Сарина внезапно потеряла интерес к тому, что творилось вокруг. Странная пустота заполнила ее. Появившись где-то в животе, она распространилась по всему телу. Сарина уже не ощущала ручку зонтика, которую держала в руках, онемели даже пальцы ног. К горлу подступила тошнота, и Сарина сглотнула, моля Бога, чтобы не потерять сознание. Несмотря на жаркий день, она почувствовала озноб. Будто внутри ее поселились холод и смерть.
Экипаж внезапно остановился, и Сарина чуть не упала с сиденья. Дженсон протянул ей руку, чтобы помочь вылезти, и сделал знак оглядеться. Она послушалась. То, что она увидела, напоминало пагоду: маленький домик с высокой двускатной крышей, покрытой бледно-зеленой черепицей, и оштукатуренными стенами, выкрашенными в теплый абрикосовый цвет. Крошечные оконца обрамляли белые ставни, а на подоконниках выстроились зеленые глиняные горшки с белыми азалиями. Они подошли к двери, и Сарина улыбнулась, увидев на ней затейливо нарисованного дракона и большую медную дверную ручку, расположенную точно в центре одного из его ярко-красных глаз.
Внутри стены маленького чайного домика тоже были выкрашены в абрикосовый цвет, но, не высвеченные ярким солнцем, они навевали покой. Маленькие круглые столики покрывали светло-зеленые хлопчатобумажные скатерти, а на придвинутых к ним стульях лежали зеленые подушки. В центре каждого стола стояло глубокое белое фарфоровое блюдо, наполненное дынными семечками и каштанами. Рядом – еще одно, помельче, с короткой белой восковой свечой, окруженной цветками сливы и тутовыми листьями.
За столиками группами сидели китайцы, пили чай и грызли дынные семечки. Большинство из них были заняты спокойным разговором, некоторые, откинувшись на стульях, попыхивали длинными бамбуковыми трубками или дремали, прикрывшись газетами. Один мужчина сидел на низком стульчике возле двери и считал на счетах. Когда Дженсон и Сарина проходили мимо, он с любопытством поднял голову, оглядел Сарину и вернулся к своему занятию. Не успели они усесться, как возле столика появилась молодая девушка, одетая в бледно-зеленую шелковую блузку и длинную, в складку, абрикосового цвета юбку. В руках она держала белый фарфоровый чайник. Поставив перед ними две маленькие белые чашки, она налила Сарине и Дженсону чай, затем каждому поклонилась и отошла. Но Сарина заметила, что ее взгляд задержался на Дженсоне чуть дольше, чем это было необходимо, и ответом девушке был такой же долгий взгляд. Ей это только показалось или они действительно приветствовали друг друга как люди не совсем посторонние? Сарина должна была признать, что девушка красива, и взгляды, которые они с Дженсоном послали друг другу, были взглядом красивой женщины и красивого мужчины, а не прислуги и клиента.

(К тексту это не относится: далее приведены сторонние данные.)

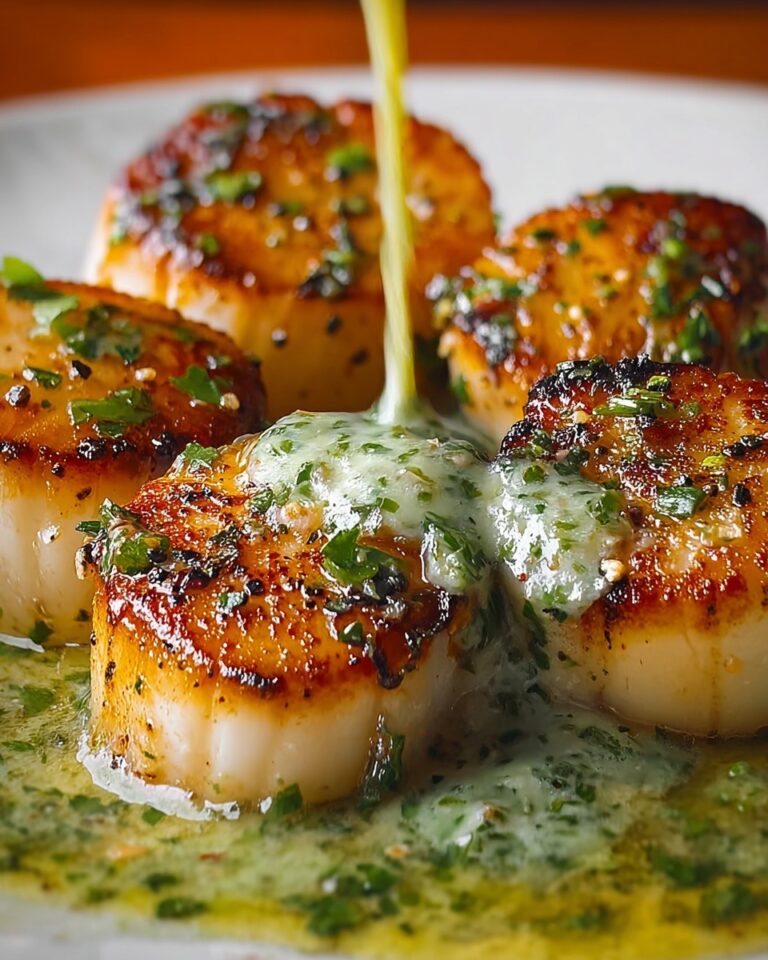 Sizzling Scallops with Zesty Lime Cilantro Sauce Recipe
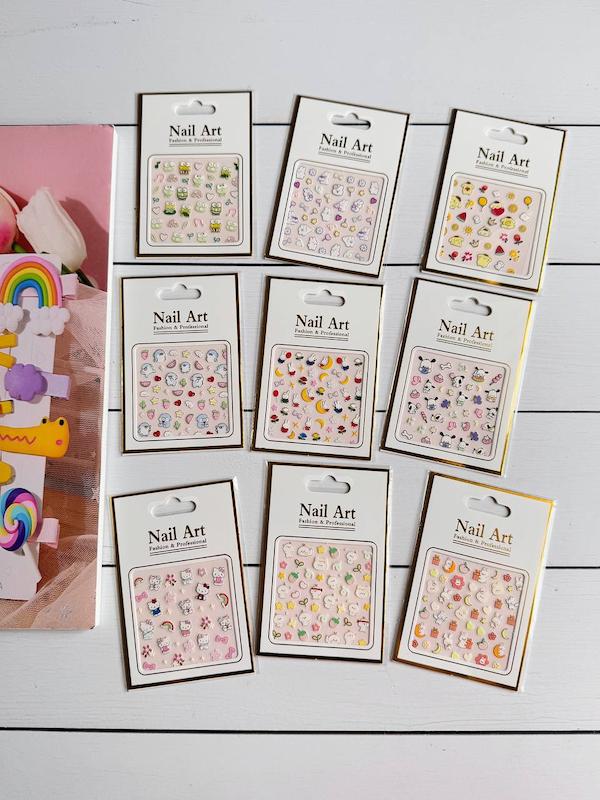 استیکر طراحی ناخن Nail Art با طرح‌های کارتونی و رنگی متنوع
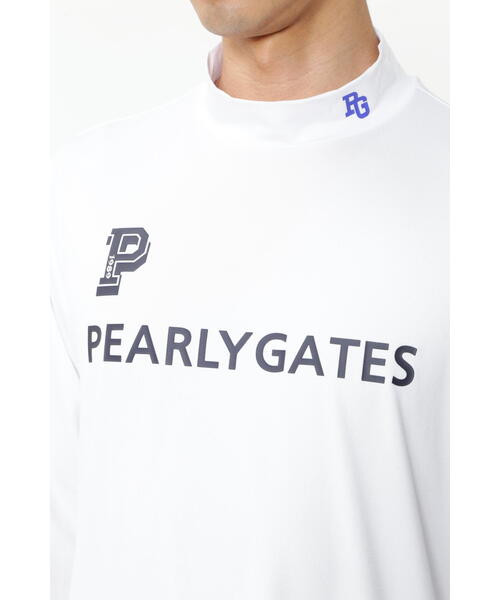 PEARLY GATES ベアカノコ 半袖モックネックTシャツ ホワイト 1 PG is PG ベアカノコ半袖ハイネックカットソー | PEARLY GATES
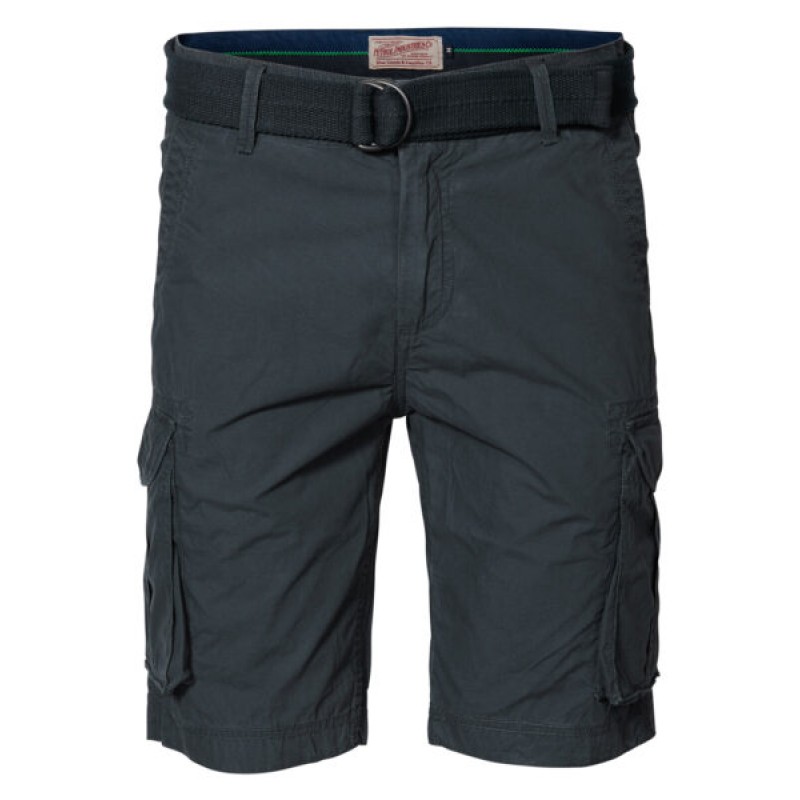 Petrol Industries men's cargo shorts with zipper and belt (M-1020-SHO500-9073-RAVEN-GREY)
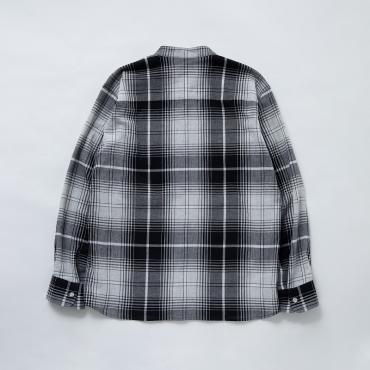 STAND COLLAR CHECK SHIRT *グレーチェック*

– Вы явно бывали здесь раньше, – заметила Сарина довольно едко, когда девушка ушла.
– Я часто прихожу сюда, – небрежно ответил Дженсон, отодвигая стул и вытягивая перед собой ноги.
Это опять ее фантазии или он бросил взгляд вслед той служанке? Сарина закусила губу.
– Мне нравится в этой чайной. Здесь тихо, – заметил Дженсон, отхлебнув чай. – К тому же нет женщин. – Он подмигнул. – Большинство других чайных в Шанхае заполнены болтливыми американками и европейками, которые пришли посплетничать, и любой мужчина в их присутствии начинает жалеть, что не пошел в бар.
– Но китаянок я здесь тоже не вижу, – заметила Сарина, оглядываясь.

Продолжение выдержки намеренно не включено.